## Task to carry out
From the data that follows, copy every line holding the string "Image".

#### Records shown ####

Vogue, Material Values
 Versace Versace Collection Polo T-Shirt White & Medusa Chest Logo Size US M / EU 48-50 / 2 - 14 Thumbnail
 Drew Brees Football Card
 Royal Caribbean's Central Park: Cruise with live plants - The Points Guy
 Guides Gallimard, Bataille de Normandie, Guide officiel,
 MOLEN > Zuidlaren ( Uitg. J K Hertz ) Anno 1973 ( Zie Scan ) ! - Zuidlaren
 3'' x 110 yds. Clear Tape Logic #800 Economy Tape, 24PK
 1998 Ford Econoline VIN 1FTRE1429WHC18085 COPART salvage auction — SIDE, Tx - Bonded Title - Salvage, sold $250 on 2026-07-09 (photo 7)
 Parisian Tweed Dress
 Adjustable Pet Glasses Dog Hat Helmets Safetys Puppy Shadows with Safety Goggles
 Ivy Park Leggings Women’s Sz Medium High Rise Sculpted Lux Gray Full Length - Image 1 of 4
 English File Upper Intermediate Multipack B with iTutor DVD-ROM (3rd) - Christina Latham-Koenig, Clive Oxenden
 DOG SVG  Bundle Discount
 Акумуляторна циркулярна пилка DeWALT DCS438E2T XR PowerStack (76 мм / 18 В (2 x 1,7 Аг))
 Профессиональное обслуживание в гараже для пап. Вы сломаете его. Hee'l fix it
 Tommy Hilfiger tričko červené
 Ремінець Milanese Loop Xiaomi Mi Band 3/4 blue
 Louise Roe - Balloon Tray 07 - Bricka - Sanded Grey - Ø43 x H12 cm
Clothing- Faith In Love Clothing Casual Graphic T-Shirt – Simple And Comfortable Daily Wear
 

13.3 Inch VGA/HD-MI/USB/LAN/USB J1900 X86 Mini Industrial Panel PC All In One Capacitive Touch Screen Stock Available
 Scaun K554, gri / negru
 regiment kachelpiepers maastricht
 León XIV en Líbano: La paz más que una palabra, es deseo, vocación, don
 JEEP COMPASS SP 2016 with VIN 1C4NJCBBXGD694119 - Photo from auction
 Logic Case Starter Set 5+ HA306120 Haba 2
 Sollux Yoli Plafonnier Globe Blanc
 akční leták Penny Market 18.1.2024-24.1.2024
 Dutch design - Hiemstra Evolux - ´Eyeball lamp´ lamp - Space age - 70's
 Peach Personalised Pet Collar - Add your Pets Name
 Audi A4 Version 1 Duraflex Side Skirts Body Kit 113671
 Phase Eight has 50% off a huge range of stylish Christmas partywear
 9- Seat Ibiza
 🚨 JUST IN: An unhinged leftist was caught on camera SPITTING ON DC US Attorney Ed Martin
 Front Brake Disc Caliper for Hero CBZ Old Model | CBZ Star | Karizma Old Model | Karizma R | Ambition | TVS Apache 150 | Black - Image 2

####

## Answer area
 Ivy Park Leggings Women’s Sz Medium High Rise Sculpted Lux Gray Full Length - Image 1 of 4
 Front Brake Disc Caliper for Hero CBZ Old Model | CBZ Star | Karizma Old Model | Karizma R | Ambition | TVS Apache 150 | Black - Image 2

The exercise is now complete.